Придя в себя, насколько было возможно, Орлов тут же созвал совет – времени упускать было нельзя. Если действовать, так сейчас, когда дрогнувшие под напором русской ярости и неустрашимости турки укрылись в бухте Чесма. План был разработан очень быстро. Ведь все понимали: если не сейчас – так никогда…
Орлов долго глядел в лица четырех офицеров-добровольцев. Ясные лица, спокойные… Неожиданно притянув к себе, прижал к груди двадцативосьмилетнего Митю Ильина. Перекрестил за всех.
– С Богом, ребятушки! Помните… весь ход войны… честь Отечества… – он запутался в словах и только махнул рукой. Все было ясно и так.
Полночь… Русские суда, приняв сигнал к атаке, принялись обстреливать запертых в бухте противников.

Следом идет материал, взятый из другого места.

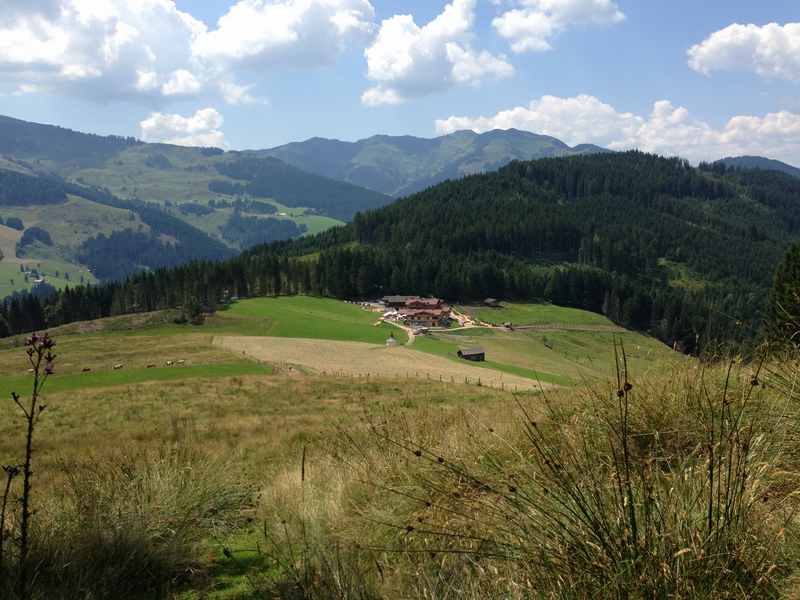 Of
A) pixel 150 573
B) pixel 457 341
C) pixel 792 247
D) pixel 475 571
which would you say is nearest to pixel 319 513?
pixel 150 573

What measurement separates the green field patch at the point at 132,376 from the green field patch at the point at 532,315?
7131 cm

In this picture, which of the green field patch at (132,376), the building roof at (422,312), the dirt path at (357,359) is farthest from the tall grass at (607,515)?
the building roof at (422,312)

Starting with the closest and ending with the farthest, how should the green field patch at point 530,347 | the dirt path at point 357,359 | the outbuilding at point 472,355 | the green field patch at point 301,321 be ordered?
the dirt path at point 357,359 < the green field patch at point 530,347 < the outbuilding at point 472,355 < the green field patch at point 301,321

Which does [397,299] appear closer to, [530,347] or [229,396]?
[530,347]

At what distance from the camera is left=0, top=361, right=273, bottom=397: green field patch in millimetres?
43750

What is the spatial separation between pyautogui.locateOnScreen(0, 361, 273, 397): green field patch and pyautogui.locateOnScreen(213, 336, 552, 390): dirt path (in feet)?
18.4

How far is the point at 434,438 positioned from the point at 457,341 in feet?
277

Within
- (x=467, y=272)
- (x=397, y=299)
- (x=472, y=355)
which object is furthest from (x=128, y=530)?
(x=467, y=272)

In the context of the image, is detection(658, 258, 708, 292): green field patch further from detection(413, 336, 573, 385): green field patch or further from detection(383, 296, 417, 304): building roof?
detection(413, 336, 573, 385): green field patch

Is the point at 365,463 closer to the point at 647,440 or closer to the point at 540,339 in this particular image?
the point at 647,440

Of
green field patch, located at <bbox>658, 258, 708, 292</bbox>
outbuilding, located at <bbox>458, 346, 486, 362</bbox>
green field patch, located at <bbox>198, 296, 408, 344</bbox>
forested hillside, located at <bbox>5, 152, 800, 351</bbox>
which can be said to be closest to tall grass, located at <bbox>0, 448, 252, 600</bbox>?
forested hillside, located at <bbox>5, 152, 800, 351</bbox>

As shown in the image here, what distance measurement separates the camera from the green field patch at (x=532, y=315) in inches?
4636

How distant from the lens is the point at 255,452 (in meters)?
11.2

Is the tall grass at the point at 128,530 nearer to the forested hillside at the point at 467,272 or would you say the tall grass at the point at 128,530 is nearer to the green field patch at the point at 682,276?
the forested hillside at the point at 467,272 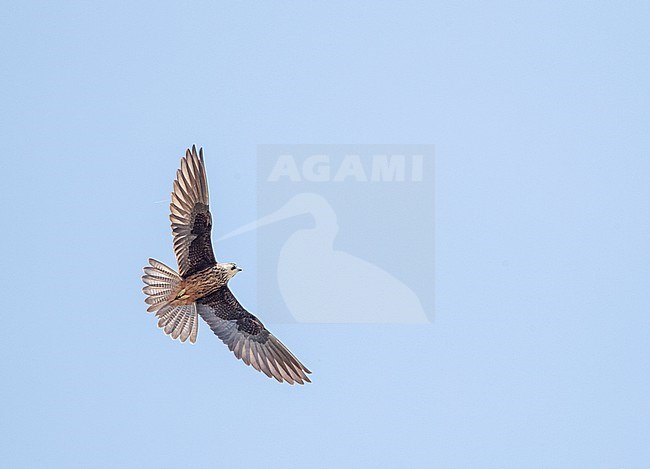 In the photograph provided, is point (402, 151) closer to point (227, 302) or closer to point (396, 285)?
point (396, 285)

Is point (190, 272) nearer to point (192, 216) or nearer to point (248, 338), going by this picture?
point (192, 216)

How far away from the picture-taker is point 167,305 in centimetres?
2441

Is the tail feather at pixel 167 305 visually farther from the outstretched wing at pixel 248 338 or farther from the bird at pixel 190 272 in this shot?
the outstretched wing at pixel 248 338

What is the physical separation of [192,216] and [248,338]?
2204 millimetres

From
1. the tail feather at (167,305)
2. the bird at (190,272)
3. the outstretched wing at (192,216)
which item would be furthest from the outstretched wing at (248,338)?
the outstretched wing at (192,216)

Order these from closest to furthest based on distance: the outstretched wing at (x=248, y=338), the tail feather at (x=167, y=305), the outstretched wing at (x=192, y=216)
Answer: the tail feather at (x=167, y=305) < the outstretched wing at (x=192, y=216) < the outstretched wing at (x=248, y=338)

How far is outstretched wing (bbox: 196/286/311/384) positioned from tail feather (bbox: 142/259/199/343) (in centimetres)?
38

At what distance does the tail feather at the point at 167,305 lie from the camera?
79.2 ft

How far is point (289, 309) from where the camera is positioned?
26.6 metres

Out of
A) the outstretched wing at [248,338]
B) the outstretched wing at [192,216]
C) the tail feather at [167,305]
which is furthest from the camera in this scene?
the outstretched wing at [248,338]

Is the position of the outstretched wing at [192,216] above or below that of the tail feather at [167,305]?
above

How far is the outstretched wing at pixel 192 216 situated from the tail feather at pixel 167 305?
14.6 inches

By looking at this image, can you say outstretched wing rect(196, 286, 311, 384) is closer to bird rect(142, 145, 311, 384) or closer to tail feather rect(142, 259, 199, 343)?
bird rect(142, 145, 311, 384)

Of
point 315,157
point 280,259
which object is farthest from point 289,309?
point 315,157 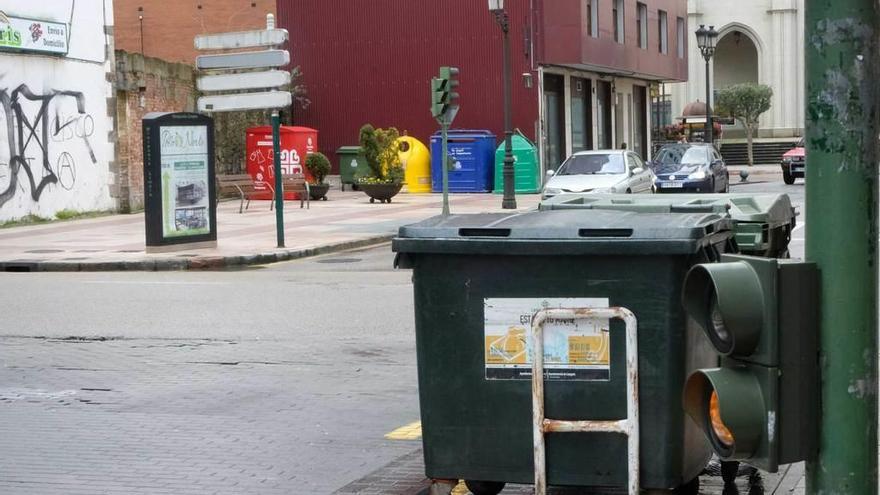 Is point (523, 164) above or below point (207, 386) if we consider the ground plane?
above

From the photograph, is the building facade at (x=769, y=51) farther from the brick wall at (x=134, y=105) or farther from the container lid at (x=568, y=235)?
the container lid at (x=568, y=235)

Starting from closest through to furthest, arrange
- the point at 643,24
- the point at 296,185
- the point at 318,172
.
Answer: the point at 296,185 → the point at 318,172 → the point at 643,24

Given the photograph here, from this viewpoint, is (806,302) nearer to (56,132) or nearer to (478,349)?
(478,349)

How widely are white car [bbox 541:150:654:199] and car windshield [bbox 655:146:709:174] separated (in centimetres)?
364

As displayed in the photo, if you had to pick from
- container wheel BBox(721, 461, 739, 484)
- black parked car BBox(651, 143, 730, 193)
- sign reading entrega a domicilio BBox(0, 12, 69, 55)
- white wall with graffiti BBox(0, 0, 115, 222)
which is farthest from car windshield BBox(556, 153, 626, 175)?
container wheel BBox(721, 461, 739, 484)

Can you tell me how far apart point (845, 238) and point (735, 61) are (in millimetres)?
73199

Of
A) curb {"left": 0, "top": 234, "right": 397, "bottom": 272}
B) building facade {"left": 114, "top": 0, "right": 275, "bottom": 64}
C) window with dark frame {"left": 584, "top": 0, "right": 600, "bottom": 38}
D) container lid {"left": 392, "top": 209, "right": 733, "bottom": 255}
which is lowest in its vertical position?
curb {"left": 0, "top": 234, "right": 397, "bottom": 272}

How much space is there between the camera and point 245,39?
68.5 ft

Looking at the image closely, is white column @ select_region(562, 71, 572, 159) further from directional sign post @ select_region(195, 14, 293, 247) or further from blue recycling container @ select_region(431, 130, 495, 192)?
directional sign post @ select_region(195, 14, 293, 247)

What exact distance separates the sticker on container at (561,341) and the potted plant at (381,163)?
26691 mm

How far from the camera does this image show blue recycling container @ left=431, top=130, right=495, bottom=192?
37219mm

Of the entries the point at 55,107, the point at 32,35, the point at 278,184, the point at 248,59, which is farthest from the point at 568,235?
the point at 55,107

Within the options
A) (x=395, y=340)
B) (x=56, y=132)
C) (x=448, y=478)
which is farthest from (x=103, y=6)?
(x=448, y=478)

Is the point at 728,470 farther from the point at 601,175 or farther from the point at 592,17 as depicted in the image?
the point at 592,17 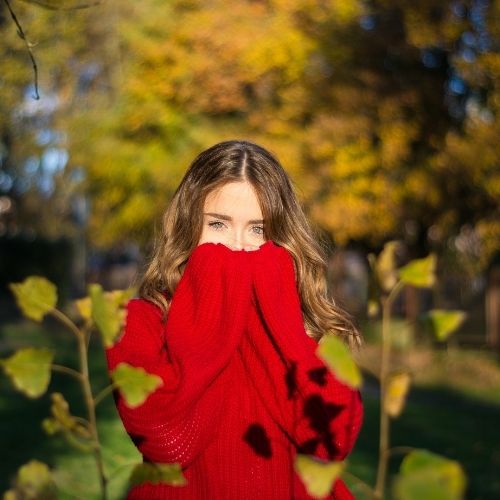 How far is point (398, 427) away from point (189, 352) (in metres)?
7.07

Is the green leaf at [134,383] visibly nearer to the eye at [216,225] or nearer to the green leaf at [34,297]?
the green leaf at [34,297]

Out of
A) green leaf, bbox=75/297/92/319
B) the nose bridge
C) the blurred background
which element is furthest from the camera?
the blurred background

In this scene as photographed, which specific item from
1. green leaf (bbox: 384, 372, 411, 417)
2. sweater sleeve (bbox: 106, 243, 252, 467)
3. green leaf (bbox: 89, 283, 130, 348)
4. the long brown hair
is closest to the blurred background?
the long brown hair

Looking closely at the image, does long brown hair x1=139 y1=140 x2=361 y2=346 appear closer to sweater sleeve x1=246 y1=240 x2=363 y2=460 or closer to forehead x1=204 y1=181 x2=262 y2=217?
forehead x1=204 y1=181 x2=262 y2=217

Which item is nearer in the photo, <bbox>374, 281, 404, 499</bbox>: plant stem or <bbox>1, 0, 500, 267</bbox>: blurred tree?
<bbox>374, 281, 404, 499</bbox>: plant stem

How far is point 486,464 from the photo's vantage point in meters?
6.89

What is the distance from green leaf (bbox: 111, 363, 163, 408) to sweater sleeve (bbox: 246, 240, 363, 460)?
0.60m

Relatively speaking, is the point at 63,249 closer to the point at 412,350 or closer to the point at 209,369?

Не сразу пошла потеха… И вот брошен первый брандскукель – зажигательный снаряд, вспыхнул сухой парус, запылал, словно соломенный сноп, турецкий корабль. С четырьмя набитыми горючим брандерами вышли под ночным покровом офицеры-добровольцы к неприятельскому флоту. Брандеры – дело опасное, и в первую очередь для тех, кто действует на них, ибо необходимо сцепиться с вражеским кораблем и поджечь сам брандер, чтобы уже через него запалить неприятеля. Что делалось с турками! Ужас, животный ужас овладел ими – не ожидали! Корабли уже горели. Но главное действо досталось на долю Мити Ильина. Действовал лейтенант умело – от его взорвавшегося с адским грохотом брандера, свалившегося с неприятелем, взвилось пламя, разорвало со страшной силой турецкий корабль. Ветер свирепствовал, словно сговорившись с огнем, – запылала вся великолепная армада! В ответ на оглушительный грохот взрывающихся турецких кораблей стояло русское «ура!», артиллерия довершала дело. Вдруг сменилось естественное освещение ночи – луна, ненужная и бледная, скрылась за завесой черного дыма, а бухту осияло пламенное зарево, фантастическое, кроваво-красное, жуткое… Турки вопили в безумии, кидались в воду от огня, захлебывались, погибали. Стройные красавцы корабли мгновенно корежило в гигантских огненных столпах… Митя Ильин, переводя дыханье в шлюпке, вытирал ладонями лицо, мокрое от морской воды, пота… может быть, слез… Он не понимал. На ладонях оставалась копоть… Обгорелые обломки турецких кораблей и трупы, трупы заполняли бухту. Конец!